By: /s/ Megan W. Pierson
-------------------------------------
Megan W. Pierson
Vice President, General Counsel and Secretary
Date: August 16, 1999
Exhibit 16
August 16, 1999
Securities and Exchange Commission
450 Fifth Street, N.W.
Washington, D.C. 20549
Dear Commissioners:
We have read the statements made by AirTouch Communications, Inc. (copy
attached) which we understand will be filed with the Commission, pursuant to
Item 4 of Form 8-K, as part of the Company's Form 8-K report dated August 16,
1999. We agree with the statements concerning our Firm in such Form 8-K.
Very truly yours,
/s/ PricewaterhouseCoopers LLP
<PAGE>
Attachment to letter of PricewaterhouseCoopers LLP
Item 4. Change in Registrant's Certifying Accountant
(a)(i) As a result of the Company's merger with Vodafone Group Plc (now called
Vodafone AirTouch Plc), the Company has terminated the engagement of
PricewaterhouseCoopers LLP as the Company's independent accountants
effective August 9, 1999.
(ii) The reports of PricewaterhouseCoopers LLP on the Company's
consolidated financial statements for each of the two fiscal years
ended December 31, 1998, contained no adverse opinion or disclaimer of
opinion, and were not qualified or modified as to uncertainty, audit
scope, or accounting principle.
(iii) The decision to change independent accountants was approved by
the Board of Directors.
(iv) During the Company's two most recent fiscal years and through
August 9, 1999, the Company has had no disagreements with
PricewaterhouseCoopers LLP in connection with its audits on any matter
of accounting principles or practices, financial statement disclosure,
or auditing scope or procedure, which disagreement(s), if not resolved
to the satisfaction of PricewaterhouseCoopers LLP would have caused
them to make reference thereto in their report on the consolidated
financial statements of the Company for such years.

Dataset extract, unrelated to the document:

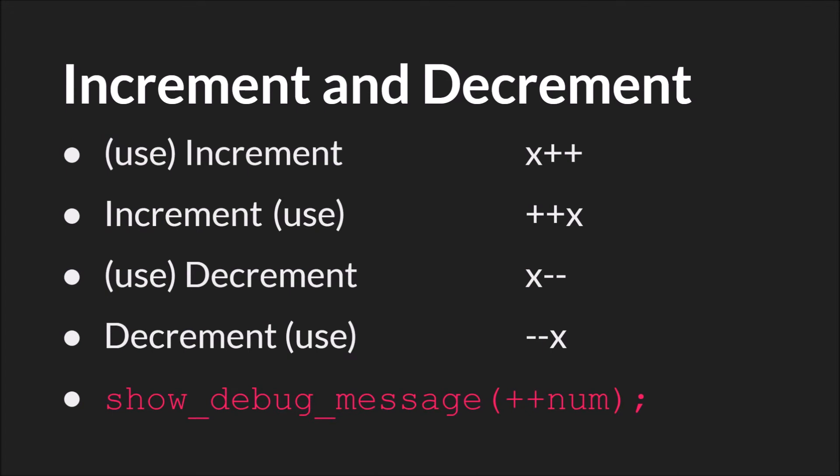Next we have the increment and decrement operators. Increment and decrement increase or decrease a number by one. The important thing to know with both operators is you can put them before or after the variable that they modified. If you put them after the variable, the variable will be used and then incremented or decremented. If you put them before the variable, however, the variable will be incremented or decremented first and then used.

(v) During the Company's two most recent fiscal years and through
August 9, 1999, the Company has had no reportable events as defined in
Item 304 (1) (v) of Regulation S-K.
(vi) The Company has requested that PricewaterhouesCoopers LLP furnish
it with a letter addressed to the Securities and Exchange Commission
stating whether it agrees with the above statements. A copy of such
letter, dated August 16, 1999, is filed as Exhibit 16 to this Form 8-K.